Leserbrief zu „Ja, mach nur einen Plan“, von Ralph Bollmann in: Frankfurter Allgemeine Sonntagszeitung

Ralph Bollmann gehört zu den wenigen Autoren unserer Zeit, der Erkenntnisse des preußischen Generalmajors Carl von Clausewitz (1780 bis 1831) aus der militärischen Sphäre herauslöst und zum Entschlüsseln von Vorgängen in Wirtschaft, Politik und Gesellschaft überzeugend heranzieht. Das ist deshalb bemerkenswert, weil sich in Deutschland auch heute noch Politiker, Soldaten, Meinungsträger und Medien mit Clausewitz schwer tun.

Seine Erkenntnisse und Axiome, mit denen er „ manchen Faltenkniff in den Köpfen der Strategen und Staatsmänner ausbügeln“ und zeigen wollte, was bei einem „Krieg“, also der schärfsten Form der heutigen möglichen Einsätze von Soldaten, „in Betracht zu ziehen ist“, sind in Deutschland in der Vergangenheit und aktuell zu wenig beachtet worden. Das intellektuelle „Handwerkszeug“, das er zum Analysieren, Vorbereiten, Führen, Nachbessern und Nachbereiten heutiger internationaler Krisenreaktionseinsätze anbietet, sind von der politisch-strategischen Ebene in Deutschland, der Politik, bisher kaum für die Praxis genutzt worden. Das hat zu Pannen, sicher auch zu Verwundeten und Gefallenen geführt. Die Amerikaner haben hingegen nach dem Vietnam Debakel seine Erkenntnisse systematisch zu nutzen versucht, teilweise mit Erfolg.

Das hat eine Reihe von Gründen: Für viele deutsche Politiker, Soldaten und Meinungsträger verkümmerten Clausewitzens Erkenntnisse zu einem Zitatensteinbruch. Er wurde vielfach in die Rolle eines Philosophen des Krieges gedrängt – was er ausdrücklich nicht sein wollte – und damit seinen Erkenntnissen der praktische Nutzen abgesprochen.
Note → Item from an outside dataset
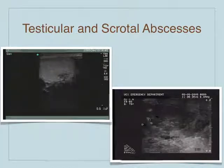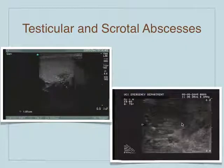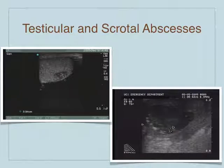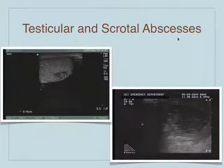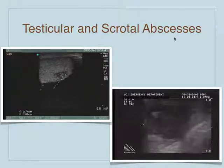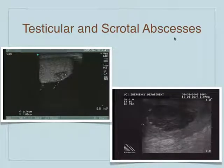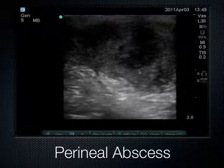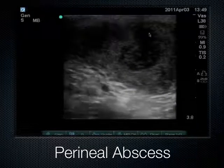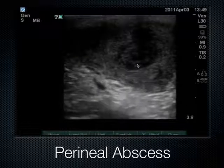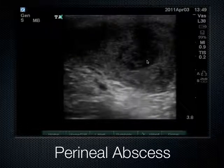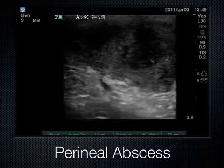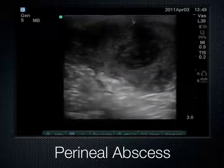You can see abscesses adjacent to the testicle in the scrotum. That's another way we can use ultrasound to determine the location of infection. All abscesses must be drained surgically. Here's an abscess down in the perineal region — this hypoechoic material is seen by just placing the transducer in that region.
Generalfeldmarschall Helmuth Graf von Moltke, der sein Werk „Vom Kriege“ neben der Odyssee und der Bibel zu seinem Lieblingsbuch erklärt hatte, versuchte, von seiner Forderung des Primats der Politik über die Streitkräfte in Frieden und Krieg abzuweichen. Die Politik sollte im Kriege schweigen. Bismarck hat die Verwirklichung dieses Ansatzes verhindert. Im sich zu Ende neigenden utopischen, ideologischen und pädagogisch-moralisierenden Zeitalter führte Clausewitzens meist verkürzt zitierte Aussage, „ Der Krieg ist die bloße Fortsetzung der Politik mit anderen Mitteln“ , zur Auffassung , er habe gefordert, dass das Militär fortsetze und ersetze, sobald ein Krieg – politisch gewollt – begonnen worden sei. Clausewitz erfuhr auch Ablehnung und Akzeptanzschwierigkeiten, weil für ihn die moralische Reflexion über den Krieg in den Bereich der Philosophie, des Staates und seiner Gesetze gehörte. Die Philosophie sollte nach seiner Auffassung erörtern, ob Krieg der „ganzen Menschheit heilsam ist oder nicht“, also seine moralische Dimension untersuchen. Dieser hat er sich in seinem Werk konsequent entzogen und sich darauf konzentriert, was er „die Natur des Krieges“ nannte. Zutreffend stellt Ralf Bollmann in diesem Zusammenhang auch für den außermilitärischen Bereich fest, dass sich „Strategie mit Distanz und Rationalität über Gefühle und Traditionen hinwegsetzt. … Gerade in ihrer Kälte liegt die immunisierende Wirkung der Strategie gegenüber Ideologen“. Ein solcher Wegfall der moralischen Dimension wird noch immer in Deutschland für die Streitkräfte, die noch immer von Vielen vom „Schatten von Stalingrad“ in ihrer Wahrnehmung und Deutung interpretiert werden, verworfen. Neben einer zunehmenden Unbildung in militärischen Fragen in Deutschland ist das sicher ein gewichtiger Grund, warum eine Scheu festzustellen ist, die Erkenntnisse von Clausewitz für unsere Zeit zu übersetzen und sie konsequent für die Praxis heutiger internationaler Krisenreaktionseinsätze zu nutzen, an denen sich die Bundeswehr beteiligt.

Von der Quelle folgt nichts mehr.